» Problem requirements:
Take the data below and copy exactly the lines starting at the one with "La ministra de" and finishing at the one with "image for item", both included.

Items from a dataset
────────────────────

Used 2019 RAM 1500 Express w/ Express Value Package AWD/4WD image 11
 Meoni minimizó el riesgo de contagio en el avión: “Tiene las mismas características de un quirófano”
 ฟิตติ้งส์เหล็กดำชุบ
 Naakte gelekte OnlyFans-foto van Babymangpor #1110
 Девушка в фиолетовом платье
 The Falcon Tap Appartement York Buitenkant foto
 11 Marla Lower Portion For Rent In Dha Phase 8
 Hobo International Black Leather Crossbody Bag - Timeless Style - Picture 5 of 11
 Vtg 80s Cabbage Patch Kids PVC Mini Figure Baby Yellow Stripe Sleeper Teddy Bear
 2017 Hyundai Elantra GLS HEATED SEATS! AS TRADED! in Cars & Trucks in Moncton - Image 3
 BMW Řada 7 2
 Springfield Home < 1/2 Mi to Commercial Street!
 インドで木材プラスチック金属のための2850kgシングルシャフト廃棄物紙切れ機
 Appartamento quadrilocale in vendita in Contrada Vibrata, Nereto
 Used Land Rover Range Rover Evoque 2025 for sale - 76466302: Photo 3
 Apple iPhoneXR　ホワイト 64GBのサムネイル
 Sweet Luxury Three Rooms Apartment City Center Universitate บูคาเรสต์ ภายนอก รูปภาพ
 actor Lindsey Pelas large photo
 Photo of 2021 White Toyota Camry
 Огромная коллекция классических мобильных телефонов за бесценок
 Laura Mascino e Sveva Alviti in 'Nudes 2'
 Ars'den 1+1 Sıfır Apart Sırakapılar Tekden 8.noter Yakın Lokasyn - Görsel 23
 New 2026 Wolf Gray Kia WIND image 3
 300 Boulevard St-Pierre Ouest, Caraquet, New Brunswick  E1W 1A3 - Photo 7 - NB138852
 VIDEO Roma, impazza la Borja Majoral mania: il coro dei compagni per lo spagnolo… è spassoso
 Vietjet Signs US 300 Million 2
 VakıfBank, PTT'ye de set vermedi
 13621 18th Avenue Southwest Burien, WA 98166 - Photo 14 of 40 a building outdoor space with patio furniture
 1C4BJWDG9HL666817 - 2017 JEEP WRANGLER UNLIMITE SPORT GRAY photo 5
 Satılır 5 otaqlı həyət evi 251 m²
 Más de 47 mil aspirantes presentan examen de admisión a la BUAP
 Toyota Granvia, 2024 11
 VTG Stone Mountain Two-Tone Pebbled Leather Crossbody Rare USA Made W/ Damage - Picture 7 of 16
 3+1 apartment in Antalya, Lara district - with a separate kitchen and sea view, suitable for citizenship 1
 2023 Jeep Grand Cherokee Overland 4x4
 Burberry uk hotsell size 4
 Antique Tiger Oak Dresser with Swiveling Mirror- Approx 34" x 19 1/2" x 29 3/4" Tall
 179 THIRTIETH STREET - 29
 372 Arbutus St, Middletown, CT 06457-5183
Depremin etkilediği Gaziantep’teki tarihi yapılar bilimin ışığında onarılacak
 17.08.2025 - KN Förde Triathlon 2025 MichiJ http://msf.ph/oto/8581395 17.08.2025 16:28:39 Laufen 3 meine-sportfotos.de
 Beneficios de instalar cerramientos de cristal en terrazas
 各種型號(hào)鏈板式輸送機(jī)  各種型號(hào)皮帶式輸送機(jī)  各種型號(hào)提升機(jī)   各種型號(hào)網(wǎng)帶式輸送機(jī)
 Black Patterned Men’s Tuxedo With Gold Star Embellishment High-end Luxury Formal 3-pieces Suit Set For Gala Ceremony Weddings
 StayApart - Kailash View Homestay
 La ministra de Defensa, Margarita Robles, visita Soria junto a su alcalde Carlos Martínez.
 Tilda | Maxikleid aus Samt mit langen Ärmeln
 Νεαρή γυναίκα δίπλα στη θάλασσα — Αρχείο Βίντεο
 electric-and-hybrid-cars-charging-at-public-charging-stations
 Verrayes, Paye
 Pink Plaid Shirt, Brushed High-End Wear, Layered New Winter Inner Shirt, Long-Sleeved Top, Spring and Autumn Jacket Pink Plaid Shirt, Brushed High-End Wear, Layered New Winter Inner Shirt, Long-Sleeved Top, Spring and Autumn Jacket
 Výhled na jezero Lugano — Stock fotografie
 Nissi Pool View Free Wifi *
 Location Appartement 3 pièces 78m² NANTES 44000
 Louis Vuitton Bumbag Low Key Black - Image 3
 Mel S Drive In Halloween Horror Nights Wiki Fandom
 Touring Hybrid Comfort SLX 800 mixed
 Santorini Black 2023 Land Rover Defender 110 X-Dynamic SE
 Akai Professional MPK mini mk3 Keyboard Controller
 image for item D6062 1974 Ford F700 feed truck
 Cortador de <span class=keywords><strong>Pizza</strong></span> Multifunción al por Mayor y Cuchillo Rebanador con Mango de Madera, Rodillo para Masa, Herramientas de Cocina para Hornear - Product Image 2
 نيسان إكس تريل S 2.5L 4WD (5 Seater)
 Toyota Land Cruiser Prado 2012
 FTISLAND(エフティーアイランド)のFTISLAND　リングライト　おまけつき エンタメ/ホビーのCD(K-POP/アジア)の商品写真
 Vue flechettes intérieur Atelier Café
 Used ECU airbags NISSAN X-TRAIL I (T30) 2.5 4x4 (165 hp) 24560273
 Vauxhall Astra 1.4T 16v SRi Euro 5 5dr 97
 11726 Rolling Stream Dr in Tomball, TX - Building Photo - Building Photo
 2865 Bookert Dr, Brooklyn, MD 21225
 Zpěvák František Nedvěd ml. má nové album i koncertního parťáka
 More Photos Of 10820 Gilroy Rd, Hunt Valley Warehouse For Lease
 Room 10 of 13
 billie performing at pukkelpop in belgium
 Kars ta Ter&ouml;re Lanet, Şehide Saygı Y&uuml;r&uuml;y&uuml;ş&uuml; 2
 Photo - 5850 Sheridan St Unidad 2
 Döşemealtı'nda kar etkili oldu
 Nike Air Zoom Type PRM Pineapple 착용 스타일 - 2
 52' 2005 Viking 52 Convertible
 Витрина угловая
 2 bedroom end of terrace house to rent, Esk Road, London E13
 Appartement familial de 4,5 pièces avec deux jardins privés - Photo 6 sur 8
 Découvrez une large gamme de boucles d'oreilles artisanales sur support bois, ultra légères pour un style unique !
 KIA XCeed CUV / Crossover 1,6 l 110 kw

────────────────────

» Solution to the problem:
 La ministra de Defensa, Margarita Robles, visita Soria junto a su alcalde Carlos Martínez.
 Tilda | Maxikleid aus Samt mit langen Ärmeln
 Νεαρή γυναίκα δίπλα στη θάλασσα — Αρχείο Βίντεο
 electric-and-hybrid-cars-charging-at-public-charging-stations
 Verrayes, Paye
 Pink Plaid Shirt, Brushed High-End Wear, Layered New Winter Inner Shirt, Long-Sleeved Top, Spring and Autumn Jacket Pink Plaid Shirt, Brushed High-End Wear, Layered New Winter Inner Shirt, Long-Sleeved Top, Spring and Autumn Jacket
 Výhled na jezero Lugano — Stock fotografie
 Nissi Pool View Free Wifi *
 Location Appartement 3 pièces 78m² NANTES 44000
 Louis Vuitton Bumbag Low Key Black - Image 3
 Mel S Drive In Halloween Horror Nights Wiki Fandom
 Touring Hybrid Comfort SLX 800 mixed
 Santorini Black 2023 Land Rover Defender 110 X-Dynamic SE
 Akai Professional MPK mini mk3 Keyboard Controller
 image for item D6062 1974 Ford F700 feed truck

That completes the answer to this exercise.